Le 31 décembre, à l’École San José de Valence, un mariage a été célébré qui a laissé une image provoquant un scandale : les mariés distribuant la communion parmi les invités. Une photographie qui génère de l’inquiétude et de la perplexité pour ceux qui connaissent la liturgie catholique.

Cependant, sans minimiser ce qui s’est passé ni l’imprudence et l’inadéquation de la situation, il y a un facteur à ajouter au contexte. Infovaticana a localisé une vidéo publiée quelques jours avant par le prêtre jésuite Javier Bailén, chargé de la cérémonie, dans laquelle il expliquait qu’il se trouvait avec le bras immobilisé en raison d’une blessure qu’il décrit comme une épreuve que la vie lui donne en temps de Noël, «parce qu’à Noël nous nous rappelons cela, que Dieu ne vient pas fort, il ne vient pas parfait, il ne vient pas invincible…», réduisant la divinité du Christ à un état d’imperfection naturelle. Il est facile de déduire que ce prêtre était empêché de distribuer la communion de manière habituelle, c’est-à-dire de tenir le ciboire et de donner l’hostie consacrée.

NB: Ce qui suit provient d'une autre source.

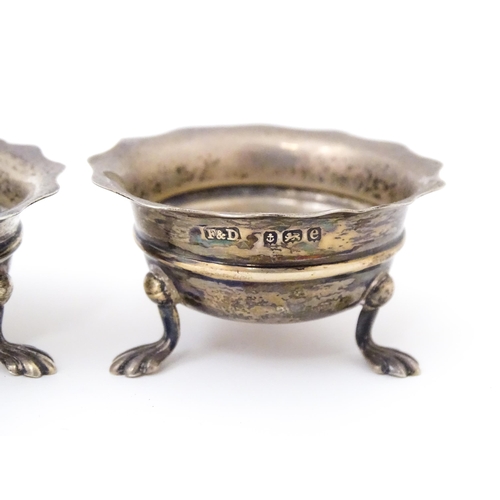 506 - A pair of silver salts raised on three feet. Hallmarked Birmingham 1904 maker F & D. Each approx. 1 ... 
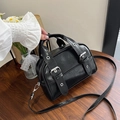 Borsa Boston nera lucida minimalista su tavolo in legno con dettagli in metallo argento - Nero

Face à cette limitation physique, il est probable que le célébrant ait pris la décision inadéquate que ce soient les mariés qui assument la fonction de ministres extraordinaires de l’Eucharistie. Une décision qui, bien qu’elle ait permis à la cérémonie de se dérouler, n’est pas la plus prudente du point de vue liturgique. À la vue du scandale, il est clair que la participation des mariés eux-mêmes dans ce rôle peut créer une image décentrée et déconcertante, qui distrait du sacrement qui est célébré.

Le droit canonique indique que les ministres extraordinaires de la Communion —comme les acolytes institués ou les fidèles laïcs désignés par l’évêque (cf. Can. 230 §3)— ne peuvent la distribuer lors de la Messe que sous des conditions strictes, comme l’absence de ministres ordonnés ou l’incapacité réelle de ceux-ci à la distribuer.

Derrière chaque photographie, il y a des circonstances humaines qui aident à expliquer des décisions qui, autrement, paraissent plus frappantes ou discutables. Cependant, cela souligne aussi que la bonne intention ne remplace pas la prudence. Même face à des imprévus, il existe des alternatives qui auraient mieux préservé la solennité de la cérémonie et le respect pour l’Eucharistie, en adaptant le mode de distribution de la communion à une forme viable.

Peut-être que cette image désagréable sert aussi à nous rappeler que le thème des ministres extraordinaires de l’eucharistie doit être repensé ou supprimé.